» What the exercise asks
Gather each line of the entries below that includes "Driver".

» Records to use
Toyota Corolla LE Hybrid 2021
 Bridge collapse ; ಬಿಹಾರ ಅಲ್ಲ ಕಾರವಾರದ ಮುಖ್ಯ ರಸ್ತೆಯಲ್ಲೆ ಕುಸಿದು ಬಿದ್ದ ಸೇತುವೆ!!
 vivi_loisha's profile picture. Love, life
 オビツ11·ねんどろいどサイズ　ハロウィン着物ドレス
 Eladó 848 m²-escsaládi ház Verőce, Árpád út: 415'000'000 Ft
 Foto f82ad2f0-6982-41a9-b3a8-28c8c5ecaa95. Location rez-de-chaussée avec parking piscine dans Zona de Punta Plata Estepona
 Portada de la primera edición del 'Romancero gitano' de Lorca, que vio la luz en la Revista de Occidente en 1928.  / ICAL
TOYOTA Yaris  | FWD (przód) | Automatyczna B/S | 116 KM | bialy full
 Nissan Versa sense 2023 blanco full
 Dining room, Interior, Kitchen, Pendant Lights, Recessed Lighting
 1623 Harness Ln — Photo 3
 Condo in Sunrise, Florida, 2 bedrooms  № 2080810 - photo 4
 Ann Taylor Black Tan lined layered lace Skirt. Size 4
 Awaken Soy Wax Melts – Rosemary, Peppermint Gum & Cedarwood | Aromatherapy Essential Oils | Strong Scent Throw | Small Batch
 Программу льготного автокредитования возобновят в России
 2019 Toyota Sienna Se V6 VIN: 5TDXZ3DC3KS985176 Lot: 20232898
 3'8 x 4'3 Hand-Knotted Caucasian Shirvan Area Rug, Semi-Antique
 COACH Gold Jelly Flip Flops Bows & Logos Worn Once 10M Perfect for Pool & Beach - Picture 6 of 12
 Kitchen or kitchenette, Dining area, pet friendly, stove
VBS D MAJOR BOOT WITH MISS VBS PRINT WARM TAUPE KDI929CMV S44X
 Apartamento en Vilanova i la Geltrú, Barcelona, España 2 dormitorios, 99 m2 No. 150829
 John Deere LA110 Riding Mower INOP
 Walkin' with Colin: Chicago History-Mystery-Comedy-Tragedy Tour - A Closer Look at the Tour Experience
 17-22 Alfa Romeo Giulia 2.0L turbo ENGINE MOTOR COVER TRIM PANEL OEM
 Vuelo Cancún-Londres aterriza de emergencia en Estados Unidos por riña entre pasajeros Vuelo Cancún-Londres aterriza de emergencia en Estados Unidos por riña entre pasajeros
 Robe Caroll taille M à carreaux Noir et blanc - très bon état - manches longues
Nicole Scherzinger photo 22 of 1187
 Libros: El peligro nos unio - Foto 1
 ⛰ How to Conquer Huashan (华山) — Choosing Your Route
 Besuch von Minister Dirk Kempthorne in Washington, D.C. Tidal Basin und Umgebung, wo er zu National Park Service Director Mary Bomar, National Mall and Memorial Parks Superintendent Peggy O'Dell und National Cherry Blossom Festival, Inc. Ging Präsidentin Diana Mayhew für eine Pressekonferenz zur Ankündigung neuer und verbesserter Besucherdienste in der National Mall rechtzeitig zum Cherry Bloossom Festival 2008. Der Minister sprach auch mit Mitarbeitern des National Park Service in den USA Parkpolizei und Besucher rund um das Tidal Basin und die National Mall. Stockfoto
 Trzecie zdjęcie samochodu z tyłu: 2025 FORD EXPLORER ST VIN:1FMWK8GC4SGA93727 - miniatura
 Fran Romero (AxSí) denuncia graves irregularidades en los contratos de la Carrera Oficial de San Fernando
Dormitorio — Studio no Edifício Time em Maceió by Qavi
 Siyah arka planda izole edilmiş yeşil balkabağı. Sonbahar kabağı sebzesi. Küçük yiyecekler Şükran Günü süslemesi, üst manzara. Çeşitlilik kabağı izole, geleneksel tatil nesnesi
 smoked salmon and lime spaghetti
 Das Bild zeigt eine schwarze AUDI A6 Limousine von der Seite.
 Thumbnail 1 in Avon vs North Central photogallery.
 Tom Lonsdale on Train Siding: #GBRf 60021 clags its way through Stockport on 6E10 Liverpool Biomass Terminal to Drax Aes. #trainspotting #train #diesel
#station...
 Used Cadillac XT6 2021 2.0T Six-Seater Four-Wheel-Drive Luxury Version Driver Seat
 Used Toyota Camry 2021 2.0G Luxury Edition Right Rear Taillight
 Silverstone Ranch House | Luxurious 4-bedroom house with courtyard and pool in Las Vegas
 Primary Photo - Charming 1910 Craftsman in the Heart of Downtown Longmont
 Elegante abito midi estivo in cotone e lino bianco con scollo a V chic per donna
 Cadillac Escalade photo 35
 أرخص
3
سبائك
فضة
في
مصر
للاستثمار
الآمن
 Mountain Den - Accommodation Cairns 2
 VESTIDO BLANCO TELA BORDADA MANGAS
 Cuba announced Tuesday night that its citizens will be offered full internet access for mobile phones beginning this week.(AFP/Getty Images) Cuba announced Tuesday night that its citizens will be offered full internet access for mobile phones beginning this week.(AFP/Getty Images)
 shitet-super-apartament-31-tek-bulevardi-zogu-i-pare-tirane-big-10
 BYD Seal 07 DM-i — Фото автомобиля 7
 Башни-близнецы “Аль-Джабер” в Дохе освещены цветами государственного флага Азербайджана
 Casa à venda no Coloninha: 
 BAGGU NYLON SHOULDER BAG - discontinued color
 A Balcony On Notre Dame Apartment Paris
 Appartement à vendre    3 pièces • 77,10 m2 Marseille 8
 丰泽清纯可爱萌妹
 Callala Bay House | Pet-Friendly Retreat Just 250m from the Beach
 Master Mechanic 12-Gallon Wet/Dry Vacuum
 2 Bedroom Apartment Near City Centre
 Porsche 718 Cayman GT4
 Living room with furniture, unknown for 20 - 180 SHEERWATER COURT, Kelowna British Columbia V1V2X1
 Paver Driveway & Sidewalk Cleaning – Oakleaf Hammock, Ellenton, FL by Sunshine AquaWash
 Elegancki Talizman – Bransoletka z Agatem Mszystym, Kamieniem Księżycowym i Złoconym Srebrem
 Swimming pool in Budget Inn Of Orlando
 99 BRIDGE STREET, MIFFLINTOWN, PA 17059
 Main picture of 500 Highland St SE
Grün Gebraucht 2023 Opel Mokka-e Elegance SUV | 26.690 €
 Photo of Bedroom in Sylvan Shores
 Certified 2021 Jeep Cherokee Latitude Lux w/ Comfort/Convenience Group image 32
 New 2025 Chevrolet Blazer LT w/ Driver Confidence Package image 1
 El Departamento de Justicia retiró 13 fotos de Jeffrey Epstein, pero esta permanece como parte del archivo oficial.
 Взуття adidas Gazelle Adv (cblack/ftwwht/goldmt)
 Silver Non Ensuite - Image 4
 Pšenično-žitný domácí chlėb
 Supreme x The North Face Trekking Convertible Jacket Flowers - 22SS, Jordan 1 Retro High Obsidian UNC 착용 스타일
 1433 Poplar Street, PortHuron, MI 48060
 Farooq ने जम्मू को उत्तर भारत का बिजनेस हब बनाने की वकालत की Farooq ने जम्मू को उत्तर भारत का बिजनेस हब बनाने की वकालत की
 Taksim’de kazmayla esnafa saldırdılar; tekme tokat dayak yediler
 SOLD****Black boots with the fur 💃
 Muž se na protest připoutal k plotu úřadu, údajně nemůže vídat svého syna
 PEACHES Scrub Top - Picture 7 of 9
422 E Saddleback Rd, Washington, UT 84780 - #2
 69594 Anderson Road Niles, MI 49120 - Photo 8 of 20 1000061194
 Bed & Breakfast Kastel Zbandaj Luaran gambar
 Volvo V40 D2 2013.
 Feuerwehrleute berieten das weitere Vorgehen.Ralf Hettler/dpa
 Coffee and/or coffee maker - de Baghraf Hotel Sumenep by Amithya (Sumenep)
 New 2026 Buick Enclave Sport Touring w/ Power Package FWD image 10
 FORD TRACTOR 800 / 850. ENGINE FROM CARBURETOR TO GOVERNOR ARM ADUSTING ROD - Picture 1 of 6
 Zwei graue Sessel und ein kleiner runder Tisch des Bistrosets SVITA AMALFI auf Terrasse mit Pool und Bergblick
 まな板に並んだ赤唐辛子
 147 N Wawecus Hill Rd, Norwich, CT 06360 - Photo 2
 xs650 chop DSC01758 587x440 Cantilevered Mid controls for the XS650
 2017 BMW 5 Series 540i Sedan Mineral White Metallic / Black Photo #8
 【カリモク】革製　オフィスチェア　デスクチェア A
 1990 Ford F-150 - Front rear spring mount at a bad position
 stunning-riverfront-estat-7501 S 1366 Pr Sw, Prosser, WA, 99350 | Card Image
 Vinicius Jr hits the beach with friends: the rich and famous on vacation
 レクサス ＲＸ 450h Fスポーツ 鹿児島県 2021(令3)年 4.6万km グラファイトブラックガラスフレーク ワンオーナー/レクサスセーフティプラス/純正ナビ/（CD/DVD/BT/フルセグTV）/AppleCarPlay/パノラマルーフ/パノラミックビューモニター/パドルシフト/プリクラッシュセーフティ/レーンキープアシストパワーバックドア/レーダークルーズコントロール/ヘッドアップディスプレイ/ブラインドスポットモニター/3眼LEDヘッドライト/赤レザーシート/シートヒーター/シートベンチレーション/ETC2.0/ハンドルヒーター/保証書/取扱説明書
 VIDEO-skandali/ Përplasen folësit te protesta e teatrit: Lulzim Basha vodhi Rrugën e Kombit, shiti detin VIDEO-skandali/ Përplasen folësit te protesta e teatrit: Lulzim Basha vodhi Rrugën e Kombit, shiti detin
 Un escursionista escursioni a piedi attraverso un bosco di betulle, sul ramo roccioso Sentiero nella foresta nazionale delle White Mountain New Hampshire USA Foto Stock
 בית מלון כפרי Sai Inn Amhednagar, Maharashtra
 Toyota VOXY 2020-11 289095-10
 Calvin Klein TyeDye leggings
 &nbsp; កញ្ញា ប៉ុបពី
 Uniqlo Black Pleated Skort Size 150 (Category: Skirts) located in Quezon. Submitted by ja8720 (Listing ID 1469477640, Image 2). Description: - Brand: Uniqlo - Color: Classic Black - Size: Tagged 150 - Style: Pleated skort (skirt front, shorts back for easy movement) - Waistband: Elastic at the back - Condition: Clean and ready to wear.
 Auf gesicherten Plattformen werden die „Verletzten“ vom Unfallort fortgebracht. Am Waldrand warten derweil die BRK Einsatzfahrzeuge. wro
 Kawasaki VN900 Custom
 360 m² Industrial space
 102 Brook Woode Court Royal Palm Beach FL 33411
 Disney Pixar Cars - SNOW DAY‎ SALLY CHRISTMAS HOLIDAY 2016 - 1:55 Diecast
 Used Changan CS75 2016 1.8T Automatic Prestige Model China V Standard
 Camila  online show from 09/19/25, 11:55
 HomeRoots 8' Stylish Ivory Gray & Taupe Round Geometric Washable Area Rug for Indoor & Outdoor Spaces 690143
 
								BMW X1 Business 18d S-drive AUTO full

» Answer space
 Used Cadillac XT6 2021 2.0T Six-Seater Four-Wheel-Drive Luxury Version Driver Seat
 New 2025 Chevrolet Blazer LT w/ Driver Confidence Package image 1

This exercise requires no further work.